Automated (or, semi-automated) compared to human indexing?

A commonly-stated goal of state-of-the-art automated indexing is to mimic human indexing. The principal challenge, however, lies in extracting an exhaustive and precise set of controlled terms that accurately represent the subject content of each document in a database, as a human indexer would.
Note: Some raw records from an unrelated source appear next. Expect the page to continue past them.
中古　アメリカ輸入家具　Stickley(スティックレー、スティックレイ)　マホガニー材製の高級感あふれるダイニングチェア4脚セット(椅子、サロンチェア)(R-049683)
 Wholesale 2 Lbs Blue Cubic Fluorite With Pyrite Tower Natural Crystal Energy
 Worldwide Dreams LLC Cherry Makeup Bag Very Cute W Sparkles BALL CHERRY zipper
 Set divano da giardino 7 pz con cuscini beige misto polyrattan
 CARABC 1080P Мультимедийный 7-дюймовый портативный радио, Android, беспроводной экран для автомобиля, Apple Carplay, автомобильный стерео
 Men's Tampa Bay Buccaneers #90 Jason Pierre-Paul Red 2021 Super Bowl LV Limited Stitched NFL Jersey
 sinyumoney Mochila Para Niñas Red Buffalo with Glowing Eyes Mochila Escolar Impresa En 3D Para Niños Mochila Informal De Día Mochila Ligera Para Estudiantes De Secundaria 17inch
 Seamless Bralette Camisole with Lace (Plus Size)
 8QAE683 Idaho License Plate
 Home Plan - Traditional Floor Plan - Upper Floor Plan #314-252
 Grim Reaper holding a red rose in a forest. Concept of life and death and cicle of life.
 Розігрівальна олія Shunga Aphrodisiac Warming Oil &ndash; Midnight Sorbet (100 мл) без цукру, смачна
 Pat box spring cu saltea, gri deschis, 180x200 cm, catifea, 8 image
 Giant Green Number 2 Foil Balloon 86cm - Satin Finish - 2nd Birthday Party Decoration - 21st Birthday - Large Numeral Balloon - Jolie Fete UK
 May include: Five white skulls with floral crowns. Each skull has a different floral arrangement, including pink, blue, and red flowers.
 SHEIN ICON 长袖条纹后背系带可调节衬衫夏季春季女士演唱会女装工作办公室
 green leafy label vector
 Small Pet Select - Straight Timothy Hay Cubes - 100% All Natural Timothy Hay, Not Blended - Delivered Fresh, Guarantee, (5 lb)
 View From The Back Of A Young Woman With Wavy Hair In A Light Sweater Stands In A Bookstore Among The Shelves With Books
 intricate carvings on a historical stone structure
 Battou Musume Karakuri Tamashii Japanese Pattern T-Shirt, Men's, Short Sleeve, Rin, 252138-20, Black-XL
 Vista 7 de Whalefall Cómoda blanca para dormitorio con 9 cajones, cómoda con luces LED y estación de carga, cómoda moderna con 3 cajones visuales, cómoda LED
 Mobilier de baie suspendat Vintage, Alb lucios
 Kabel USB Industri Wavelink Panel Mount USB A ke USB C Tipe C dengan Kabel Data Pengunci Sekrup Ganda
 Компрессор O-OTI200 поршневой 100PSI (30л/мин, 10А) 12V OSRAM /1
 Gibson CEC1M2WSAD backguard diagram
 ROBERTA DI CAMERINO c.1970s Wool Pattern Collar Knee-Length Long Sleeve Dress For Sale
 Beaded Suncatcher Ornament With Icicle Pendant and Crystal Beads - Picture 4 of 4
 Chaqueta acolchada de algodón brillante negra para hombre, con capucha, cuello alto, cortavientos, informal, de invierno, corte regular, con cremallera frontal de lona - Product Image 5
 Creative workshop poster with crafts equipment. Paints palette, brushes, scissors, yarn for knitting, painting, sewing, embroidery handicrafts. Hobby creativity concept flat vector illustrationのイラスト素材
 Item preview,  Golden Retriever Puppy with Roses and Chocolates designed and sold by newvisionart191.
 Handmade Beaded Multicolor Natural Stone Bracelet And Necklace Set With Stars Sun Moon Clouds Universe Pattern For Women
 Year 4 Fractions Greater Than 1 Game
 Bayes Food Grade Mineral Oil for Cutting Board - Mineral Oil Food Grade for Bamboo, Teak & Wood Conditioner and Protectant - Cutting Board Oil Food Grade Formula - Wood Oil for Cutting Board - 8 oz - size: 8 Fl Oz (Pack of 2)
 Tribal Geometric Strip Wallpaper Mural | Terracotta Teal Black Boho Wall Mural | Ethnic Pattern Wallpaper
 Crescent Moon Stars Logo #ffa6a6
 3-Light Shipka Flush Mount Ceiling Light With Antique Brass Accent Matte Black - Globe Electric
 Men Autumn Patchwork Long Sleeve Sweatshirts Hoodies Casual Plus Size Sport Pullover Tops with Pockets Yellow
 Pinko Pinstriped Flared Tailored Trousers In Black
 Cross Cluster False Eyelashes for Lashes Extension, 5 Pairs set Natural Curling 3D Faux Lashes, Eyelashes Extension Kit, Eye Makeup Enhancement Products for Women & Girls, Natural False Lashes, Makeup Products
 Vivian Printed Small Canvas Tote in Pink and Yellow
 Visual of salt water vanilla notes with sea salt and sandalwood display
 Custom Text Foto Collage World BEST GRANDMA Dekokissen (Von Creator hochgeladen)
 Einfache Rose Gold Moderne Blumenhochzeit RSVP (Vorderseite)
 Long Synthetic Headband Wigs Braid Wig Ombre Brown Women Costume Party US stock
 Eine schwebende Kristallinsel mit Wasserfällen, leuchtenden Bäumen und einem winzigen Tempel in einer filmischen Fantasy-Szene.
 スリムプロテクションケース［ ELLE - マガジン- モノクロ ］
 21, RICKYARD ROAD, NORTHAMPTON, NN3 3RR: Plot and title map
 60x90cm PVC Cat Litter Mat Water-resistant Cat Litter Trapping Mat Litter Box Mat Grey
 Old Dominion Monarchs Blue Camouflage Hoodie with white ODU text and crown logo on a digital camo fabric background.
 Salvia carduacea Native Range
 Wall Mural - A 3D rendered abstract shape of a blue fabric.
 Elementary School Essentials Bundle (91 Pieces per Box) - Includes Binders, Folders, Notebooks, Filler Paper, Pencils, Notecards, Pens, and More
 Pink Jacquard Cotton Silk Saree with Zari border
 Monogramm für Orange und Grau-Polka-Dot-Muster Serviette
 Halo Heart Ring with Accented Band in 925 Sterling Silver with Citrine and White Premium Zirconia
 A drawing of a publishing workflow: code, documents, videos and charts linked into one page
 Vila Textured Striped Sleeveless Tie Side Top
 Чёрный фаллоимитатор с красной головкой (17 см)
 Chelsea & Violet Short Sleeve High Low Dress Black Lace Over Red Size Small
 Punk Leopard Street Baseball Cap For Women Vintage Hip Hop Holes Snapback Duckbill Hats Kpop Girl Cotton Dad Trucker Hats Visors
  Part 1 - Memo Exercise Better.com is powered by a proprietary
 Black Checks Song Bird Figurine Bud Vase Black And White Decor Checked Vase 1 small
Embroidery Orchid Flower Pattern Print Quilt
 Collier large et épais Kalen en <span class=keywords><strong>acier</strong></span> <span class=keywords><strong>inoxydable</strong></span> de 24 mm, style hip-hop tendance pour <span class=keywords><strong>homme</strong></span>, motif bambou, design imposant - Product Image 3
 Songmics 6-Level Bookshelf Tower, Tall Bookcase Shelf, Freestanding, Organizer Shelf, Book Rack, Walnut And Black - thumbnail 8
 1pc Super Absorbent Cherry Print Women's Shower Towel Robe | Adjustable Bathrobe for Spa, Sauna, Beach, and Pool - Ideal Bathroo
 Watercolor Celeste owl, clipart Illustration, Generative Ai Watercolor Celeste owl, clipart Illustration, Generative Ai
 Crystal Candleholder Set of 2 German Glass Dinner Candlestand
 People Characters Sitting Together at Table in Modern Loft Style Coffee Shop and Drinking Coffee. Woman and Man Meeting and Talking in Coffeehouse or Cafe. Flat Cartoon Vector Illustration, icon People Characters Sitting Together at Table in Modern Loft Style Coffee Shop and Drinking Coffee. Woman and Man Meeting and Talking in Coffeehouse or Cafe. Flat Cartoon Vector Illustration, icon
Since 2002, several large-scale MeSH indexing approaches such as MeSHLabeler, DeepMeSH and MeSHProbeNet have been proposed to enhance automated indexing. However, the performance of these models is limited by their reliance on article titles and abstracts; improved results could be achieved by leveraging full-text content. While the National Library of Medicine (NLM) continues to evaluate innovative technologies to improve indexing performance, new challenges persist as novel medical concepts are introduced in the biomedical literature.

In fiscal year 2021, the average time required to index articles fully reviewed by human indexers was 145 days, excluding the time needed for bibliographic data review. By 2022, the NLM had implemented a fully automated indexing program for MEDLINE using its Medical Text Indexer (MTI-Auto). Under this system, human review is retained for selected subject areas, while other records are reviewed on a random basis. Indexing time has improved considerably through automation reducing the time to one business day.

What is automated indexing in MEDLINE?

Automated indexing in MEDLINE is sometimes referred to as algorithmic indexing (see Amar-Zifkin et al (2025)). In the MTI, algorithms are key to the indexing workflow at NLM. In 2022, first-line indexing for all MEDLINE records was performed by the MTIA, with humans limiting their curation to sets involving genes and proteins. In 2025, the NLM uses the MTIX which is based on neural networks technology.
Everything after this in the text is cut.